Он и вспомнить не мог, как снимал доспех, но доспеха на нём не было, а он лежал на перине, в уютной телеге с большими бортами, как в колыбели, и под шубами. Лежал и слышал, как совсем рядом лошадь хрустит овсом, и кто-то недалеко рубит дрова. Кто-то разговаривает невдалеке, кто-то скребёт чан песком. И ещё пахнет сыростью, и дымом костра, и горелым луком, и холодной рекой. Эти запахи возвращали его в молодость, так пахло тогда… Давным-давно. Лежать бы так и лежать, не вылезать из-под шуб и перин, но ему было нужно… Нужно. Ему всегда было что-то нужно, и сейчас ему просто необходимо было знать, чем всё закончилось и что он проспал.
Кавалер откинул шубу. А рука-то слабая, силы в ней нет совсем. Сел. Огляделся. Кругом лагерь, что ж ещё. Кругом его солдаты, он узнал их сразу. Кругом его земля, его река, её сразу узнал, узнал и заставу на холме, которую построил сержант Жанзуан. Всё вокруг его. Серый холодный день, дождь со снегом едва-едва идёт, кругом обычная грязь. Света мало из-за низких туч. Скоро Рождество. Темное время.
– Кавалер проснулся! – звонко кричит кто-то.
Его заметили. Волков оборачивается на крик, это один из сержантов Рене. Сержант пучком соломы чистит бока хорошему коню неподалёку. Видно, взял в трофеях. Это хороший сержант, Волков его помнит. Сержант радостно ему кланяется. Он машет сержанту: «Не кричи, дурак!» Но уже поздно.
– Кавалер проснулся! – кричит кто-то дальше и ещё громче.
Тут же из-за кустов, как будто там и ждал, звякая мечом о поножи, выходит Брюнхвальд. Он не улыбается, он вообще редко улыбается или смеётся. Сейчас он важен, идёт к кавалеру, на лице печать торжественности. Видно, собирается делать доклад. Нет, доклад будет после, теперь Карл Брюнхвальд подходит к телеге и говорит негромко:
– Друг мой, как вы себя чувствуете?
Волкову, может, и хотелось бы пожаловаться, что, мол, слаб, что в голове ясности нет, что рубаха грязна, он её дня три или четыре не снимал, но разве он себе такое позволит:
– Достаточно хорошо для дела, – отвечает он.
– А нога ваша, не докучает?
Нога? Он даже позабыл про неё:
– Нога не докучает, и силы, кажется, возвращаются, вы лучше скажите, Карл, как неприятель? Где он?
– В ваших землях никакого неприятеля больше нет, – сообщает Брюнхвальд. Теперь он и улыбается, и важен одновременно. – Горцы биты, биты так, что немногие смогли уйти к себе, добравшись до лодок. Во владениях ваших горцы есть лишь пленные, скорбные болезнями и ранами и о милости не просящие. Мы взяли весь их обоз, лодки, что были у берега. Много оружия, арбалетов, доспехов, они всё бросали, когда кидались в реку.
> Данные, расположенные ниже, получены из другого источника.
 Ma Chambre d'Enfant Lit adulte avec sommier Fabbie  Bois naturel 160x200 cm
К телеге подбежал младший из Брюнхвальдов. Он в разговор старших не влезает, но видно, что рад он видеть рыцаря бодрствующим.
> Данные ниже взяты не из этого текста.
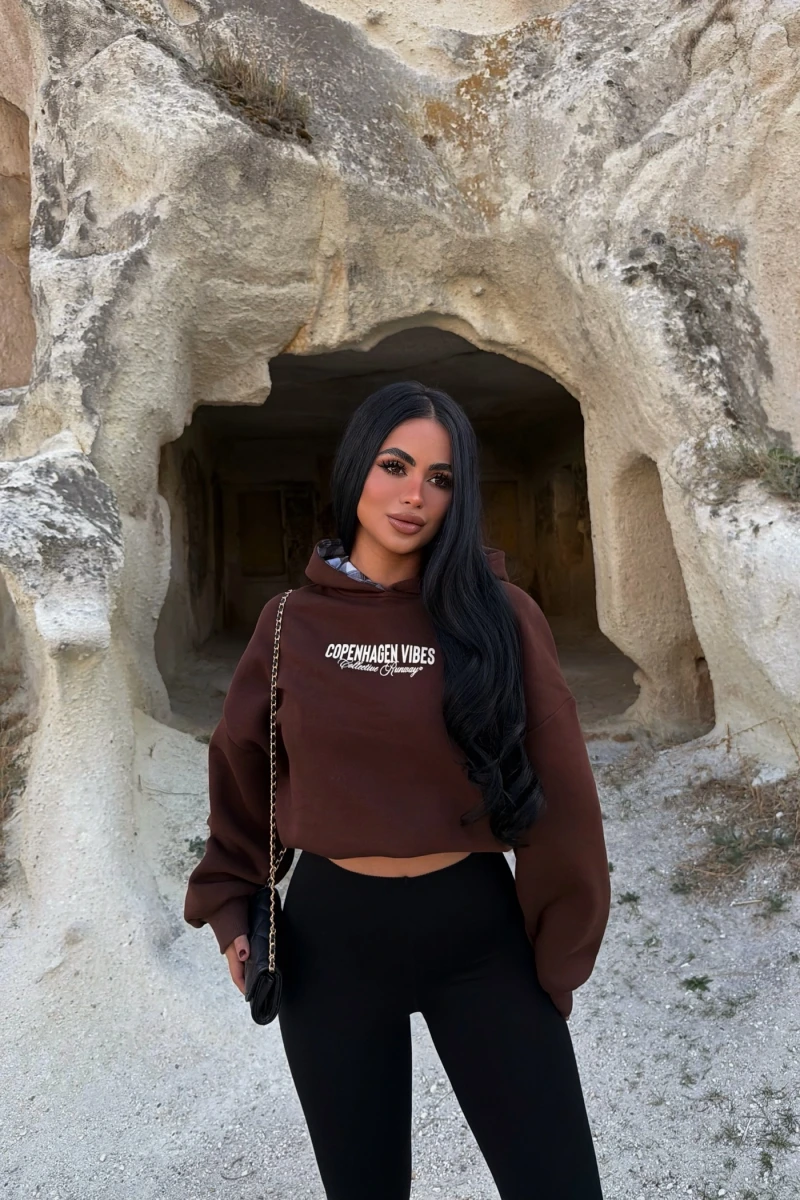 Kahve Vibes Sırt Baskı Sweat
– Впрочем, делами вам докучать не буду, вы бледны ещё, друг мой, – говорит Карл Брюнхвальд. – Вам нужен хороший обед.
– Обед, а разве сейчас не утро? – Волков кутается в шубу и смотрит на небо, с которого ему на лицо падают мокрые снежинки.
– Нет, кавалер, – говорит Максимилиан, – не утро, уже скоро день к вечеру пойдёт. Сейчас распоряжусь вам обед подать. Теплая вода есть. Мыться будете?
– Кончено будет, – за Волкова говорит старший Брюнхвальд, – распорядитесь, Максимилиан, и найдите монаха, чтобы тот проверил здоровье кавалера.
– И сапоги, – напоминает Волков, пока мальчишка не убежал. – И бельё чистое.
– Сейчас всё будет исполнено, – обещает юноша и убегает.
Волков и Брюнхвальд смотрят ему вслед.
– Ваш сын почти вырос, Карл, – говорит кавалер.
– Я рад, что он рос у вас в учении, – отвечал ротмистр.
Кавалер спускает ноги с телеги:
– Значит, мы их побили?
– Побили, кавалер.
– Крепко?
– Крепче быть не может, из тех, кто сюда пришёл, и трети уйти не пришлось. А из тех, кто ушёл, так многие ещё и в реке потонули.